What you will do:
Everything from the first line below through the line with "Photo 1 of TaiHuai" is to be transcribed exactly, and nothing past it.

Data extract:
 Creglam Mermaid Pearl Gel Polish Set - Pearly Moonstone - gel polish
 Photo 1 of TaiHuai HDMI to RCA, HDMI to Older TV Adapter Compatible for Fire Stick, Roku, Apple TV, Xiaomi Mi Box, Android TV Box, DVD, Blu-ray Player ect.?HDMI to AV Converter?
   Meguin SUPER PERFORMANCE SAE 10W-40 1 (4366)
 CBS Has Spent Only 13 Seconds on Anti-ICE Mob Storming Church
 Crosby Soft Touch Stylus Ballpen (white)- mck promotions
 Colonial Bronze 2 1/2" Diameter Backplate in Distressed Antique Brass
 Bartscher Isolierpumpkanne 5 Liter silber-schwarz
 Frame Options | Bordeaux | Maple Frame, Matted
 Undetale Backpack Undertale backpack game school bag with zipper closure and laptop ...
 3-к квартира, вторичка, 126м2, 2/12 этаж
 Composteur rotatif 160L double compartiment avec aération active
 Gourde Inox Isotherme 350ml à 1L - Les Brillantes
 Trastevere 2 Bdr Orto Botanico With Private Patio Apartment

Result of this exercise:
 Creglam Mermaid Pearl Gel Polish Set - Pearly Moonstone - gel polish
 Photo 1 of TaiHuai HDMI to RCA, HDMI to Older TV Adapter Compatible for Fire Stick, Roku, Apple TV, Xiaomi Mi Box, Android TV Box, DVD, Blu-ray Player ect.?HDMI to AV Converter?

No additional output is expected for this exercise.